(Beginning of INPUT FOR THIS TASK)
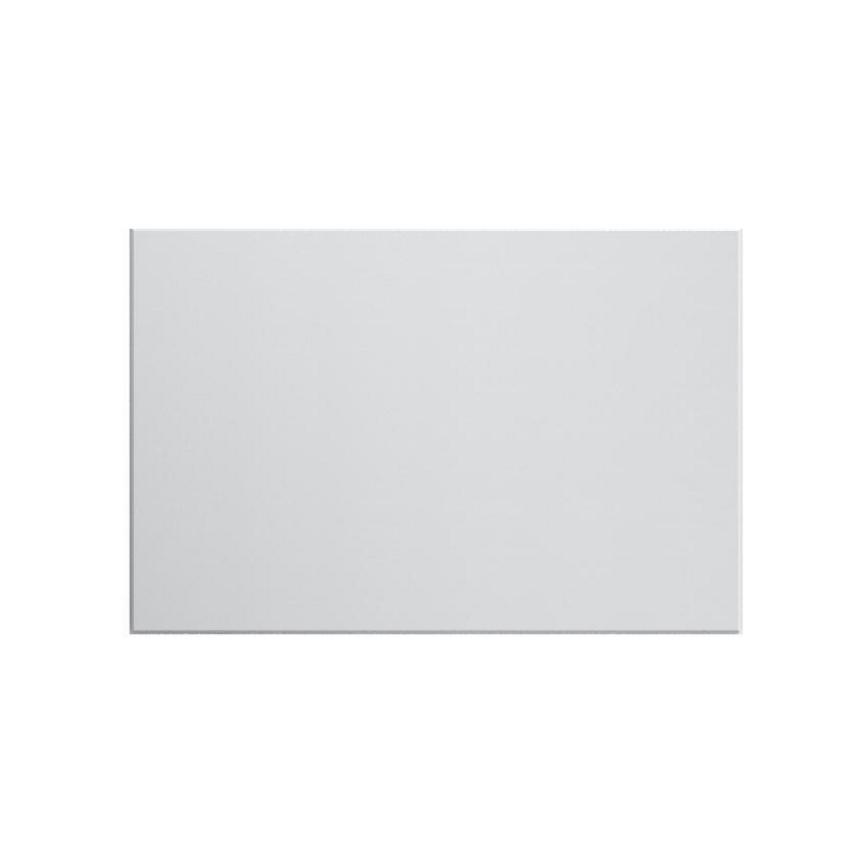 Hockley Super Matt Dove Grey 600 Hob / Pan Drawer Door Cut Out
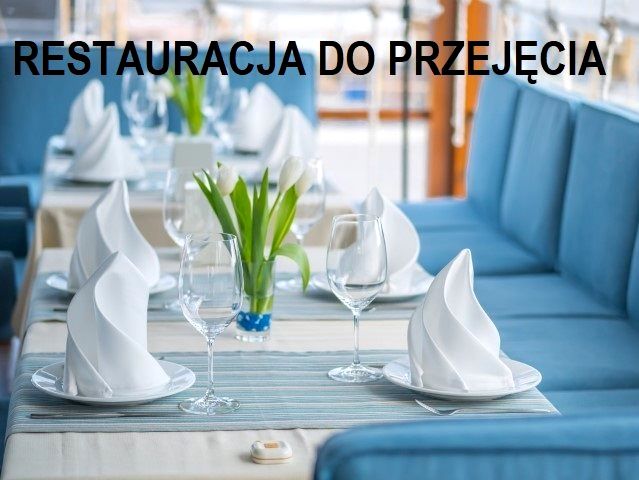 Lokal Kraków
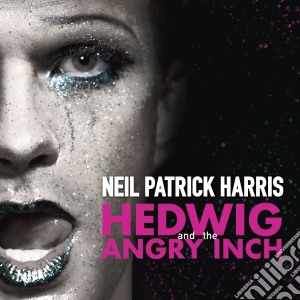 Hedwig & The Angry Inch (O.B.C) cd musicale di Hedwig & The Angry Inch / O.B.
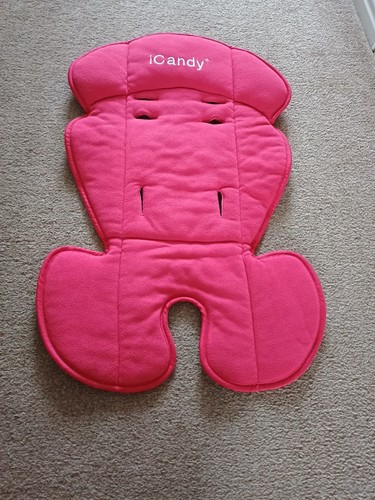 Icandy apple pear seat - seat, liner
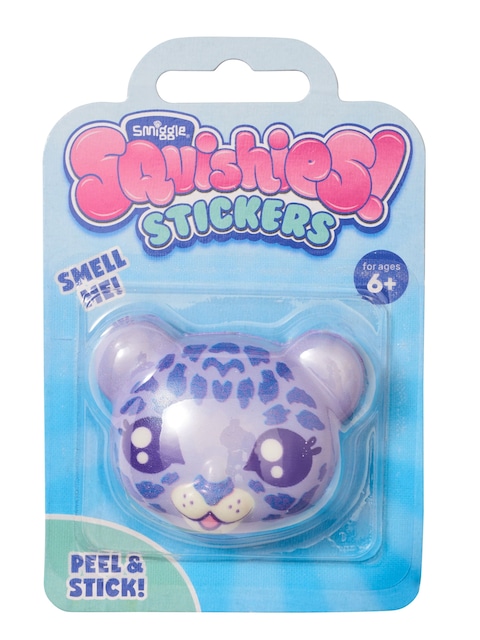 Best Budz Squishy Sticker                                                                                                       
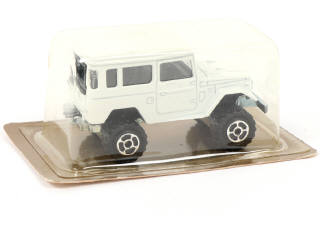 Lot 221 - MAJORETTE (FRANCE) (1)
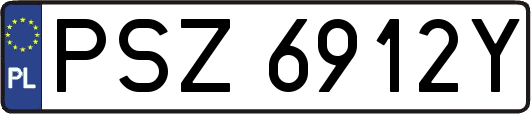 PSZ6912Y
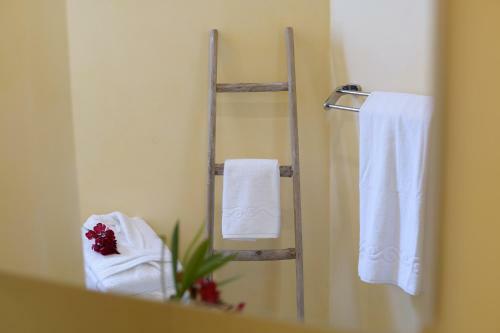 Apartamento Aquablanca Suite Chic Deluxe, En Punta Mujeres
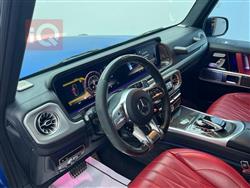 مرسيدس بنز G-Class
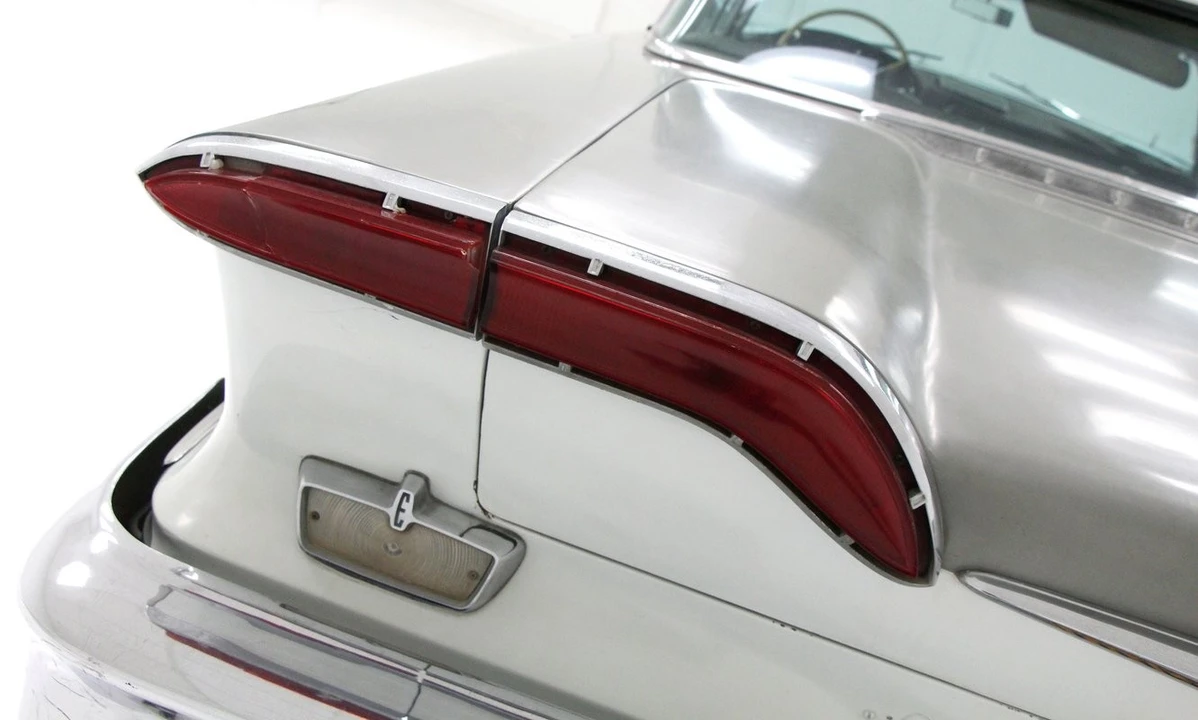 1958 Edsel Citation - Image 15 of 31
(End of INPUT FOR THIS TASK)
→ **DESCRIPTION OF THE TASK**:
Set down exactly, line for line, the data from the line that contains "Best Budz Squishy" through its last line, keeping pictures out.

→ **REPLY**:
 Best Budz Squishy Sticker                                                                                                       
 Lot 221 - MAJORETTE (FRANCE) (1)
 PSZ6912Y
 Apartamento Aquablanca Suite Chic Deluxe, En Punta Mujeres
 مرسيدس بنز G-Class
 1958 Edsel Citation - Image 15 of 31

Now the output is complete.